------ Input material ------
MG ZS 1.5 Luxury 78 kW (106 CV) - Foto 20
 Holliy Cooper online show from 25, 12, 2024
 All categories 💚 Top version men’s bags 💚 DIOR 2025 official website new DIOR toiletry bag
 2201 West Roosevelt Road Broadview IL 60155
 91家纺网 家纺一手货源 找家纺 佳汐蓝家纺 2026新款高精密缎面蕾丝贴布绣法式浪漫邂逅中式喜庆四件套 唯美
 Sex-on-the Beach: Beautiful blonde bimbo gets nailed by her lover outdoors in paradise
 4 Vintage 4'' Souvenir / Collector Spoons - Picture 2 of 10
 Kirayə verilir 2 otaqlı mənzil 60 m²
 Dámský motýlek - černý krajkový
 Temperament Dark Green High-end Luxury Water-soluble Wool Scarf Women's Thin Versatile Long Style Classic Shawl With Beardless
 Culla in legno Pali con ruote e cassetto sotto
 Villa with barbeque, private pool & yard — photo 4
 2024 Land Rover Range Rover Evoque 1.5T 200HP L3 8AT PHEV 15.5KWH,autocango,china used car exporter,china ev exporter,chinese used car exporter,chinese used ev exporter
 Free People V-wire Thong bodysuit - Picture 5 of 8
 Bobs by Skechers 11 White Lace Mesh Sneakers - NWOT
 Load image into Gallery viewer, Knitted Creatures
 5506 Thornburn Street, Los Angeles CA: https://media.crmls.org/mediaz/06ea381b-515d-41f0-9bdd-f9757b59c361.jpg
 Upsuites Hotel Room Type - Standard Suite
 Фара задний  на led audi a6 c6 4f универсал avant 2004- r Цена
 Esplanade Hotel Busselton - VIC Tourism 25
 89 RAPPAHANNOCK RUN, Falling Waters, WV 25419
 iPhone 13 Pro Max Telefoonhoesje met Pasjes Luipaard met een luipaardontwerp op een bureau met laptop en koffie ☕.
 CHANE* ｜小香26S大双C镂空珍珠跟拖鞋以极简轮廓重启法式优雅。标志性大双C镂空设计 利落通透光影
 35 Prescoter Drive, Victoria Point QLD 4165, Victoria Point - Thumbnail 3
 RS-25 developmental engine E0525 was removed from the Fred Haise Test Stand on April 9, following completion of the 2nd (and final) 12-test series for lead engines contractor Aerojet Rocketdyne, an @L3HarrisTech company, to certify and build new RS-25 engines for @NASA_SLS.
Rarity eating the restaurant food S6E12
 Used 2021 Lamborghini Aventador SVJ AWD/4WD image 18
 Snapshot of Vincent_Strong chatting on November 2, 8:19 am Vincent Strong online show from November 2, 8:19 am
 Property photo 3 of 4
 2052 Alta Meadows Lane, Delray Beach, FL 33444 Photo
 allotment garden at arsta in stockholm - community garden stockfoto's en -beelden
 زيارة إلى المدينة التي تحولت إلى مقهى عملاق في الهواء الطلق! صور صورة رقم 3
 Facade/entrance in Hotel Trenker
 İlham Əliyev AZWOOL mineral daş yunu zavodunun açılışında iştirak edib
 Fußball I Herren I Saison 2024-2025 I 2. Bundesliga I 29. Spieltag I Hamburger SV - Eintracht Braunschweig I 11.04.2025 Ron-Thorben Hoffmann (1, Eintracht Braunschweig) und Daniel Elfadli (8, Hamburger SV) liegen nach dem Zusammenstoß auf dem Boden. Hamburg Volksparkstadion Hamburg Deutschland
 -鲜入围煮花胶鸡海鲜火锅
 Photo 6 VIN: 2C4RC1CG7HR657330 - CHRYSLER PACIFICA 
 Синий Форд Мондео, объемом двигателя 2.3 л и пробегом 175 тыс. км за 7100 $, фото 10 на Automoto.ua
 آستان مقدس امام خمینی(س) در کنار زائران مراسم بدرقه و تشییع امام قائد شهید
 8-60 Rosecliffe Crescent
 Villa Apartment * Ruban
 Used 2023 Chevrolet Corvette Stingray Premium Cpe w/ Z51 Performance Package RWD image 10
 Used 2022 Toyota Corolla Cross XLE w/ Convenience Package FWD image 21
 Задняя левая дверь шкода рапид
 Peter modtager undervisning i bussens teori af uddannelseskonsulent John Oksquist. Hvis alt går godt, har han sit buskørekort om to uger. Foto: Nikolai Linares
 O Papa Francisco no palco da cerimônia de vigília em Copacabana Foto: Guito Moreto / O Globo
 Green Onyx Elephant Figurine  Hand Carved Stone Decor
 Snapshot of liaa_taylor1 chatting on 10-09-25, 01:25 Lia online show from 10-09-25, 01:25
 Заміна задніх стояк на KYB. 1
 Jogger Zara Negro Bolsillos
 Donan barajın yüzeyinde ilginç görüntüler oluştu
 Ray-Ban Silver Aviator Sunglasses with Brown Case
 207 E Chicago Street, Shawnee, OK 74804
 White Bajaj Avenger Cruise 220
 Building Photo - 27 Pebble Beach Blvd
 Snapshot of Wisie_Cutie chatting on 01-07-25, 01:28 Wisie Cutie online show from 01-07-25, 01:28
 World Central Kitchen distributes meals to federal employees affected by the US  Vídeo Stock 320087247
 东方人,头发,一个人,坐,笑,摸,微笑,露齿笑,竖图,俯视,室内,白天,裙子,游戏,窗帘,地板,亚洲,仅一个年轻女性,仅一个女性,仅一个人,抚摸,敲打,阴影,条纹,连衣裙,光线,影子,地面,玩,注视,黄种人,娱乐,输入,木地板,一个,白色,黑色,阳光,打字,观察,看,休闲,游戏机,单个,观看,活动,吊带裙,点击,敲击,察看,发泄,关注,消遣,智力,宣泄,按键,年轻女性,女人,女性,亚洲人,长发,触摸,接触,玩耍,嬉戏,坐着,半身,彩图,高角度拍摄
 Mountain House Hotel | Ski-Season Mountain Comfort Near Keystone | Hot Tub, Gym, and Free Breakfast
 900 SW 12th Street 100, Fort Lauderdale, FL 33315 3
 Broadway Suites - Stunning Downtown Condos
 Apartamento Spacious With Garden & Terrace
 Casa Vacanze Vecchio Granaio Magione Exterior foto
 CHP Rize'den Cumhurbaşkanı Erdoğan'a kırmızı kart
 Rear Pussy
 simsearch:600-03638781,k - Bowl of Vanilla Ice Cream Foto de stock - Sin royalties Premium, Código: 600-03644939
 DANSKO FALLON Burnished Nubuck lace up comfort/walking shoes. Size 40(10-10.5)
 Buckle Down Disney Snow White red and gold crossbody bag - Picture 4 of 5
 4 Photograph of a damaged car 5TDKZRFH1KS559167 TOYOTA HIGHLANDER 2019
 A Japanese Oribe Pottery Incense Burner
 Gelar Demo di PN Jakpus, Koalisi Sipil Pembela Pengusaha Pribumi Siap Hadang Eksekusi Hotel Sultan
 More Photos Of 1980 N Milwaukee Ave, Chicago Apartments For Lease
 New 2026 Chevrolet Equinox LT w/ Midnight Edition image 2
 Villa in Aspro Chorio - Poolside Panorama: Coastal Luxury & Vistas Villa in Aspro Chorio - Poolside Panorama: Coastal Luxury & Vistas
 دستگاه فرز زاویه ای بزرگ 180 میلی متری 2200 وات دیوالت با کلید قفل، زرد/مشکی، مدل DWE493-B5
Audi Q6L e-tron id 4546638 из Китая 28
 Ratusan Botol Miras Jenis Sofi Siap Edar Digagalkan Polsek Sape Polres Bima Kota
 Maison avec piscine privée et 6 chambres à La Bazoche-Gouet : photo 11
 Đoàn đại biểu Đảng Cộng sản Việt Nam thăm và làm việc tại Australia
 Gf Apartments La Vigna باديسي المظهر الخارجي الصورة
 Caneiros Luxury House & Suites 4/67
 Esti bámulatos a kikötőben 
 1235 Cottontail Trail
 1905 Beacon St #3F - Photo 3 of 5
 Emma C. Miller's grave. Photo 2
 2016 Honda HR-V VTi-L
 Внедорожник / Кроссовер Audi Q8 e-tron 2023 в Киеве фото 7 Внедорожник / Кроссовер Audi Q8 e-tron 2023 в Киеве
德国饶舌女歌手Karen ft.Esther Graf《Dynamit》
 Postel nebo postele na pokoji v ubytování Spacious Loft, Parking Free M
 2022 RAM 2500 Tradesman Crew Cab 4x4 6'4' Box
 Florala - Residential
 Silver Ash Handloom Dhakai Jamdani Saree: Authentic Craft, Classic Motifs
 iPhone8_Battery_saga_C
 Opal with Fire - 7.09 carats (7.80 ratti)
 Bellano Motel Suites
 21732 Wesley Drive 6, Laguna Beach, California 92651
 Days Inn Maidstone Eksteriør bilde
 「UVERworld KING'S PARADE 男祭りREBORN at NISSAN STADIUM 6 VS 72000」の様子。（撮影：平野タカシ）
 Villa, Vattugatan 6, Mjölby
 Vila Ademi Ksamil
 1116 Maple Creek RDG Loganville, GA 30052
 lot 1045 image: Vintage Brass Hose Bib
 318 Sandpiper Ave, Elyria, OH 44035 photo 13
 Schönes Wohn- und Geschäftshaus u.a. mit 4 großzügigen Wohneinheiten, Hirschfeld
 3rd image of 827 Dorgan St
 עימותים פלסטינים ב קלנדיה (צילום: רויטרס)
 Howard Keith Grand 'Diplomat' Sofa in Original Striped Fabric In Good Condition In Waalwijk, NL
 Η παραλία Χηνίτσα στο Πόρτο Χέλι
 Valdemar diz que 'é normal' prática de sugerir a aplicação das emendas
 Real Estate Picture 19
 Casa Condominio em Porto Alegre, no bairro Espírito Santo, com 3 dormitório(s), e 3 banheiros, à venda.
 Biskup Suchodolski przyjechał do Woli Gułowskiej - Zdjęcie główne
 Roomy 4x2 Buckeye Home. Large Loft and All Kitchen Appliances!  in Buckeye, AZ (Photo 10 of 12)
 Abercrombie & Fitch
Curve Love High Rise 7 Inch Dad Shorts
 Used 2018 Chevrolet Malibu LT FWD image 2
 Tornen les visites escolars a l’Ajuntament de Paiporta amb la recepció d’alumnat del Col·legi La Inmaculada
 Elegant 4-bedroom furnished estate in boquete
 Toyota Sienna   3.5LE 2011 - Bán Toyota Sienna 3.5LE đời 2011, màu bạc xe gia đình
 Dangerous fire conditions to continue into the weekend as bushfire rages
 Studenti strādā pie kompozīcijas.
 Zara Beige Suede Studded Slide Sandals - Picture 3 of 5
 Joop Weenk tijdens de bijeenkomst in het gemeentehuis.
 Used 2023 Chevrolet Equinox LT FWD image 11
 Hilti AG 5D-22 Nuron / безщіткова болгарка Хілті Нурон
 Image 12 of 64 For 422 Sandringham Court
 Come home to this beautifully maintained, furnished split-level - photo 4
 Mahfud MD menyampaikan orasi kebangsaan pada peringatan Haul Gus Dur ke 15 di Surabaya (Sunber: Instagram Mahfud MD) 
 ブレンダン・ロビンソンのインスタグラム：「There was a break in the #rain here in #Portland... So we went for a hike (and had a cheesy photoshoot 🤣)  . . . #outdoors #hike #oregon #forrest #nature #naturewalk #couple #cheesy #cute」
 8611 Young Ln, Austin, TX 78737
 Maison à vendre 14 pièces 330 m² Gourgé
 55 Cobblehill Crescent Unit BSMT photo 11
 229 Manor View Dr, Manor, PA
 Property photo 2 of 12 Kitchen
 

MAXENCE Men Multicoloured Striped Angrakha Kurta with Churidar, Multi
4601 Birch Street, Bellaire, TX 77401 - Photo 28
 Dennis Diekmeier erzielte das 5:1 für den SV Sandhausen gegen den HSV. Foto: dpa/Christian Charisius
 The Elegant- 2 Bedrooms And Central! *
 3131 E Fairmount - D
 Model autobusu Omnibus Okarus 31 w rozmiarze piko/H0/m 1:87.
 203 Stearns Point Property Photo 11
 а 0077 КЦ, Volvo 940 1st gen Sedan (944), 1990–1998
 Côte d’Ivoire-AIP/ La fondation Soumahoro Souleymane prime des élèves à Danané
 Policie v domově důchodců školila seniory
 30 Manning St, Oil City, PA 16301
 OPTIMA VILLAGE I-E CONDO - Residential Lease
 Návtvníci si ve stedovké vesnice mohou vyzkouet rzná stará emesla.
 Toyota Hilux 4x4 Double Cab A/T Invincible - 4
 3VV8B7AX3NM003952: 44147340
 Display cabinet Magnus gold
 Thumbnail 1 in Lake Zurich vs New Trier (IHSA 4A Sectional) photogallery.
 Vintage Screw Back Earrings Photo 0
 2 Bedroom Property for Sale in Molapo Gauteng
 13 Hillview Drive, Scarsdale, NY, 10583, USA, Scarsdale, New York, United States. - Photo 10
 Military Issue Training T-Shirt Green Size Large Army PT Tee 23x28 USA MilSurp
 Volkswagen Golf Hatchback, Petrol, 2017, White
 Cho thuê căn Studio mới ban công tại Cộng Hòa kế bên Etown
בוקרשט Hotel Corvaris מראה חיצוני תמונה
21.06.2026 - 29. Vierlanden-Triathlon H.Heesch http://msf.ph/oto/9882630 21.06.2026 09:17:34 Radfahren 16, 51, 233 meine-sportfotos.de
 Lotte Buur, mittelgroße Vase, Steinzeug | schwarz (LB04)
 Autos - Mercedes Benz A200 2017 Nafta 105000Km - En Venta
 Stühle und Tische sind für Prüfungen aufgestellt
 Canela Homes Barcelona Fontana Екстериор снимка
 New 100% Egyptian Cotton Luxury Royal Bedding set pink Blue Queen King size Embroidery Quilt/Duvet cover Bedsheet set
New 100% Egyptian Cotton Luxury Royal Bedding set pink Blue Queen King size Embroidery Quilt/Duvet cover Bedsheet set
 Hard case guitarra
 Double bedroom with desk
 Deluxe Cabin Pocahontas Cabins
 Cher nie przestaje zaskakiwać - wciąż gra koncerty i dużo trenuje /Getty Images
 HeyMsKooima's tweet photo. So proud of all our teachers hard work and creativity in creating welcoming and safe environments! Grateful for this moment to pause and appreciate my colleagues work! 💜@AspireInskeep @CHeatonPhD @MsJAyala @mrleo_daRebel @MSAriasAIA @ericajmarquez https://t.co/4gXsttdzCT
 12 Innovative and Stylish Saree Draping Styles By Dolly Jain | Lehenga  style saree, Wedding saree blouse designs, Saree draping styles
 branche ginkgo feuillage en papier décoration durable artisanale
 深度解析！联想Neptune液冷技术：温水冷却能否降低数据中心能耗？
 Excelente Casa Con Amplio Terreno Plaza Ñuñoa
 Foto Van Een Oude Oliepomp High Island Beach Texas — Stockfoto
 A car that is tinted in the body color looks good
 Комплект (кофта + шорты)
------
__The problem__. Copy out the lines above with "Bedding" in them.

__Task answer__.
 New 100% Egyptian Cotton Luxury Royal Bedding set pink Blue Queen King size Embroidery Quilt/Duvet cover Bedsheet set
New 100% Egyptian Cotton Luxury Royal Bedding set pink Blue Queen King size Embroidery Quilt/Duvet cover Bedsheet set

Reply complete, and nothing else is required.